Nuru obéit à contrecœur. Sitôt Bennenike allongée sous les couvertures qu’elle regretta l’absence de son frère. Son soutien moral valait tous les traitements médicaux. Peu lui importait qu’elle fût virtuose dans son domaine, peu lui importait qu’elle essayât d’insuffler une once de passion à son métier, l’intervention de la magicienne lui parut monotone. Au moins les filets de flux verdâtre s’insinuèrent vite en elle et l’apaisèrent. Mais la cicatrisation de ses plaies extérieures ne lui suffisait pas. Elewi le remarqua dès qu’elle déposa une serviette imbibée d’eau chaude sur son front. Pire : elle décela de l’amertume en elle.

— J’espérais un peu de gratitude, soupira-t-elle.
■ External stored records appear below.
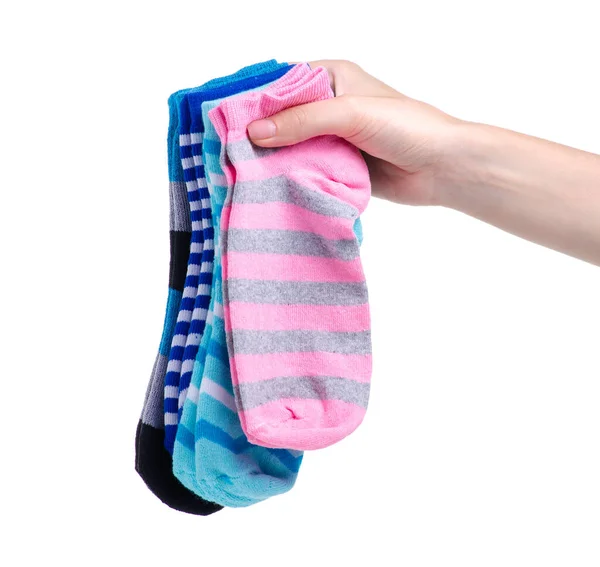 Pairs socks cotton in hand — Stock Photo, Image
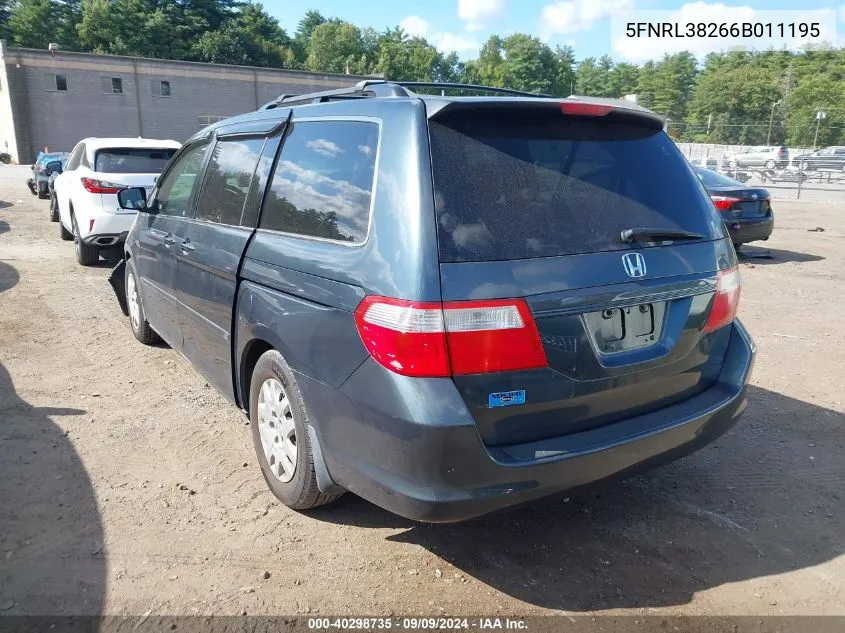 5FNRL38266B011195 2006 Honda Odyssey Lx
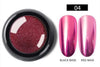 Pink chrome-effect nail pigment shade 04 with black-base and red-base samples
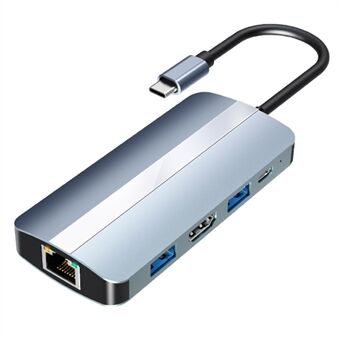 2205 8-in-1-telakointiasema, monitoiminen Type-C-keskitin, Type-C-USB 3.0 -portit / 2 x 2.0-portit, SD-/TF-kortinlukijan USB-muunnin Macbookille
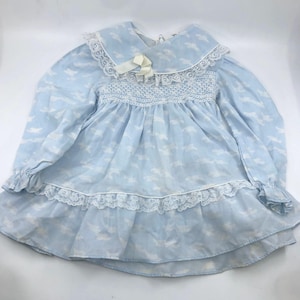 2T Vintage Claire Bell blue sky and white birds print frilly lace dress made in Canada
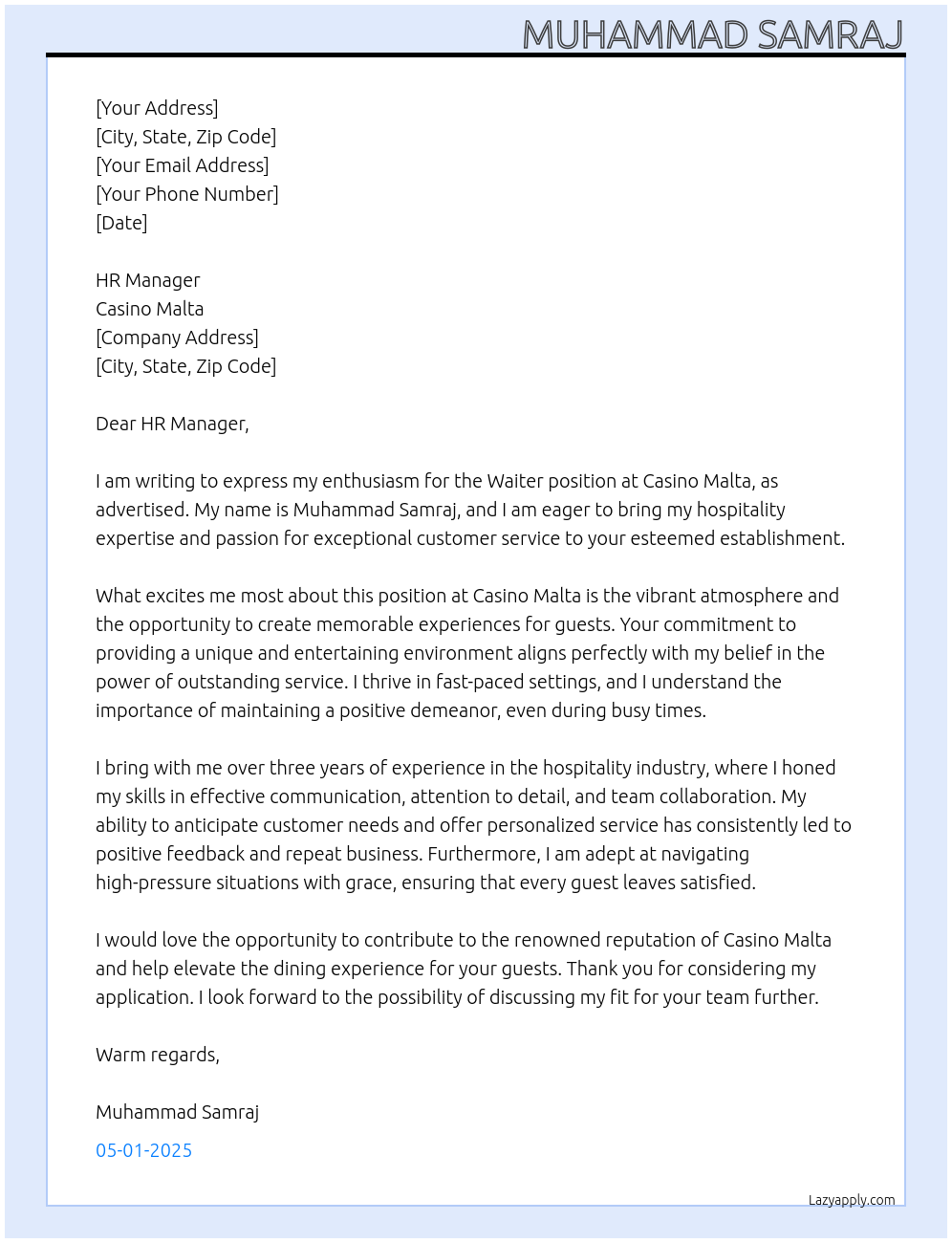 Waiter At Casino Malta Cover Letter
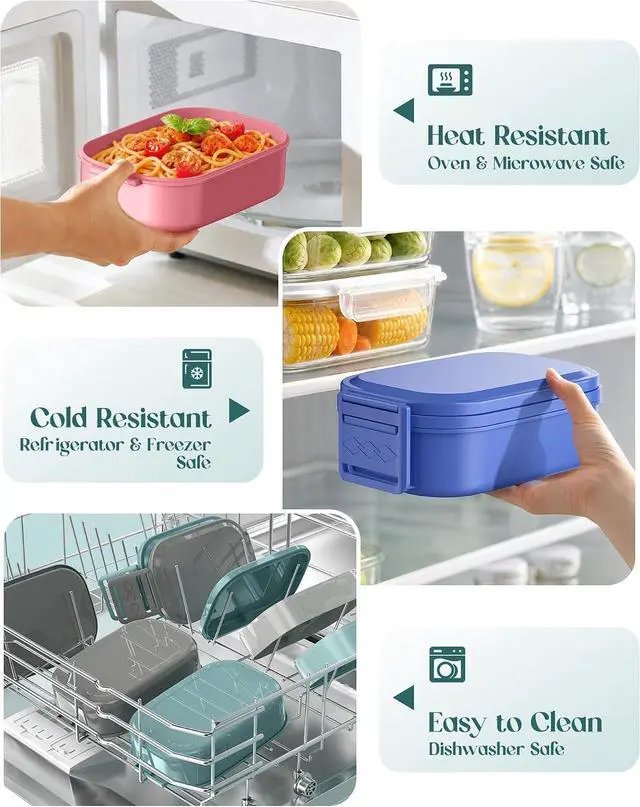 Alt view image 5 of 7 - Bento Lunch Box, 65 oz 3-Tier Stackable Lunch Container, Adjustable 2/3 Tier Design, BPA-Free Food-Grade Plastic, Leakproof, Microwave & Dishwasher Safe, Green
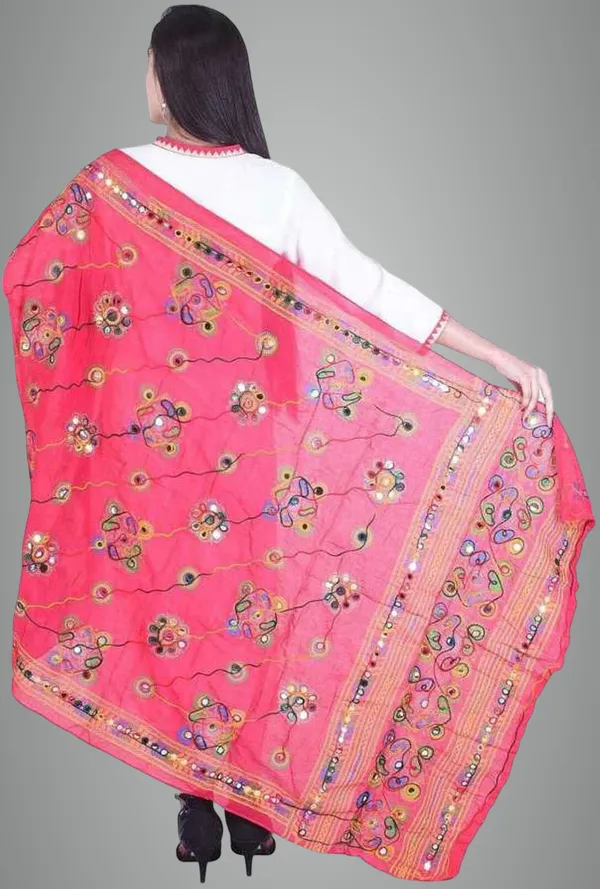 Dark_Pink_Cotton_Blend_Embellished_Dupatta_For_Women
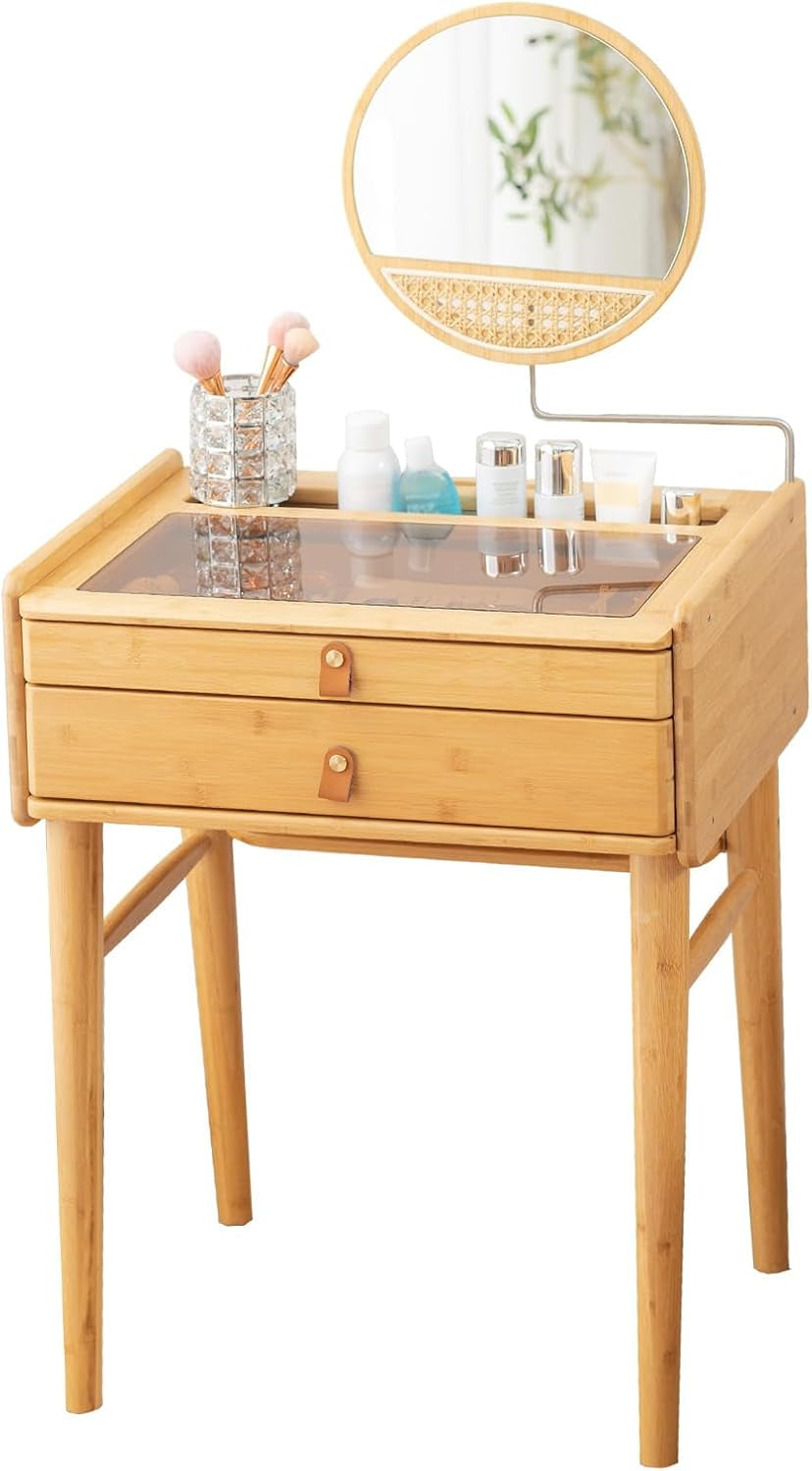 Vanity Desk, Makeup Vanity Table with Mirror, Dressing Table with 2 Drawers,Modern Wood Bedroom Vanity Vintage Dressing Table for Women Girls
— Vous m’avez soignée, constata Bennenike. Alors vous auriez pu aussi soigner ma mère.

— Encore cette histoire ? Je ne suis pas naïve, je sais pourquoi les jumeaux t’ont tapée. Ils te tiennent responsable, alors ils s’en prennent à toi. Et comme tu es incapable de te défendre, tu t’en prends à moi.

— Vous êtes bourrée de connaissances ! Dans tous vos livres, vous m’assommez avec les bienfaits de la magie. Pourtant… Où est-elle ? Je ne l’ai vu nulle part ! Ni ici, ni ailleurs ! Les miracles existent, hein ? Sinon ma mère serait encore vivante, mon père ne m’ignorerait pas en permanence et Duka et Faraz ne me tabasseraient pas !

— Tu crois que je n’ai pas essayé ? Tu crois que je ne me suis pas sentie coupable après avoir échoué ? Ciel, Bennenike, j’aurais tellement espéré que tu vives une enfance normale, mais je me suis trop précipitée pour ton éducation ! Ta mère ne pouvait pas être guérie, voilà la triste vérité.

— Menteuse ! Certains livres racontent qu’il est possible de ressusciter les morts avec la magie !

Elewi flanqua une claque à sa protégée. La joue de la petite fille rougit aussitôt, mais elle ne versa aucune larme, au contraire de sa tutrice. Chaque seconde qui s’écoulait voyait la magicienne trémuler davantage, comme si des regrets l’animaient.

— Pauvre idiote ! réprimanda-t-elle. C’est de la nécromancie, utilisée pour contrôler les morts. Cette magie est interdite !

— Alors la magie est tellement dangereuse que certains sorts ont carrément dû être interdits… Je vois.

— Bennenike, tu me fais peur. Je ne sais pas ce que je vais pouvoir faire de toi.

La magicienne s’en fut en déglutissant. Restait une petite fille qui nourrissait ses pensées de son appréhension progressive du monde. Peu à peu, elle commençait à réaliser où était sa place.